Las protestas por el dinero que ha costado el torneo revelan las contradicciones del país Los expertos aseguran que el único beneficio que saca el anfitrión es explotar su imagen

Una familia observa en una favela el partido entre Brasil y México.
Una familia observa en una favela el partido entre Brasil y México.W. Araujo (EFE)

De país emergente a potencia. Brasil había visto en el Mundial la oportunidad para mostrar al planeta su mejor cara. Su músculo económico y todo su potencial.
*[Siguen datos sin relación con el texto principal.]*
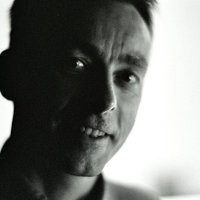 Mark Farrington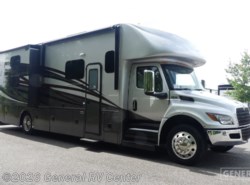 Used 2024 Nexus Ghost 36DS available in Ashland, Virginia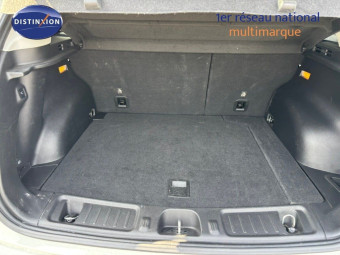 JEEP COMPASS 1.3 GSE T4 PHEV 190CH AT6 LIMITED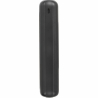 Rivacase POWER BANK USB 20000MAH/VA2071 BLACK RIVACASE
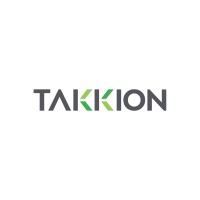 Image of TAKKION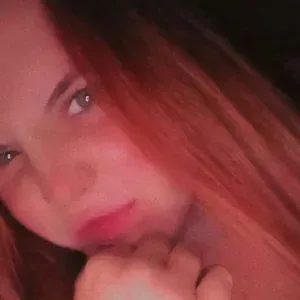 Animatrice en centre de loisirs et a l'école depuis 2 ans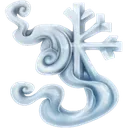 Cold Essence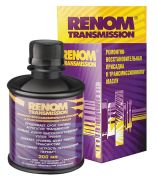 Fenom FN765 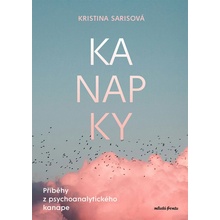 Kanapky
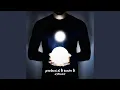 Download Lagu Pippetta e a Nanna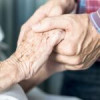 Peste 1,1 milioane de pensionari au beneficiat de indemnizație socială în luna ianuarie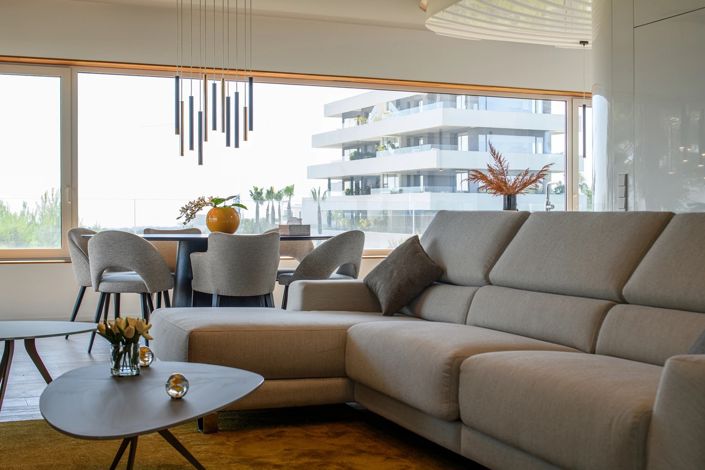 Image No.4-3 Bed Apartment for sale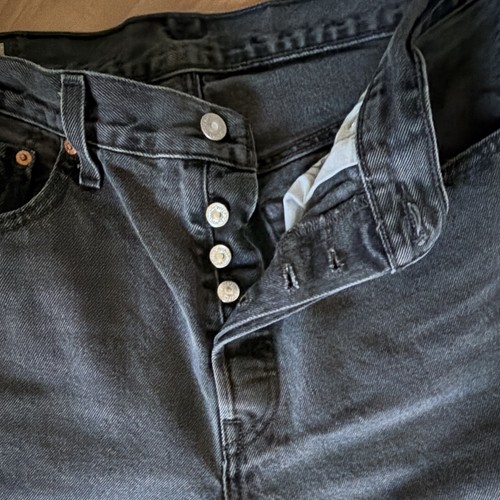 Levi 501 premium - levi's, jeans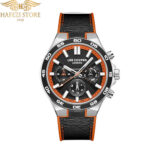 ساعت مچی مردانه لی کوپر مدل LC08088.351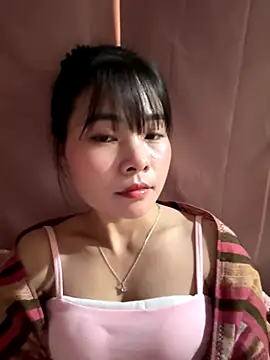 Mylove-here online show from December 2, 2025, 2:45 am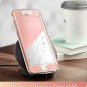 iPhone 8 Plus Case,iPhone 7 Plus Case, [Built-in Screen Protector] i-Blason [Cos
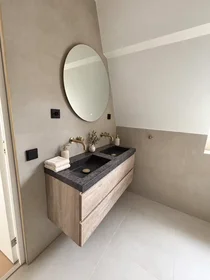 Appartamento intero in Willebrordusplein, Noord, immagine 4 di 8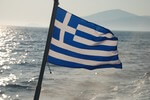 Corio and Globalsat partner to explore offshore wind opportunities in Greece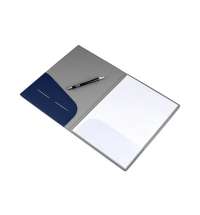 Папка для документов «Favor»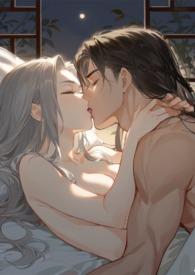 北冥鲛海神话(神话1v1)笔趣阁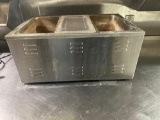 FK- Nemco Cooker/Warmer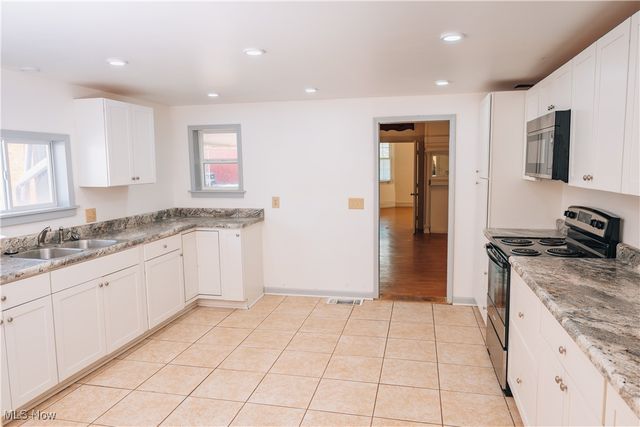 11 Sherman Street, Dennison, OH 44621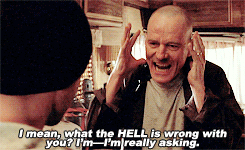 tumblr_n723n2EHSE1qglx18o2_250.gif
Pero la fiesta del fútbol en la nación del fútbol se ha convertido también en imagen y altavoz de las protestas de un país que ya no crece al ritmo de los últimos años y en el que la nueva clase media reclama que su dinero se gaste en educación y en sanidad, y no en los fastos del deporte rey.

Unos 4.000 millones de espectadores siguen desde el pasado 12 de junio el segundo Mundial que organiza Brasil. Una cifra récord de audiencia que hace del torneo una plataforma privilegiada para el Gobierno, pero también para la ciudadanía crítica, que ha aprovechado la atención mediática para multiplicar el efecto de sus protestas. "Durante un mes, el interés fijo del planeta está en Brasil. Esa palabra está en la memoria y es objeto de atención permanente de millones de personas", asegura Gerardo Molina, presidente de la agencia de marketing deportivo Euroméricas.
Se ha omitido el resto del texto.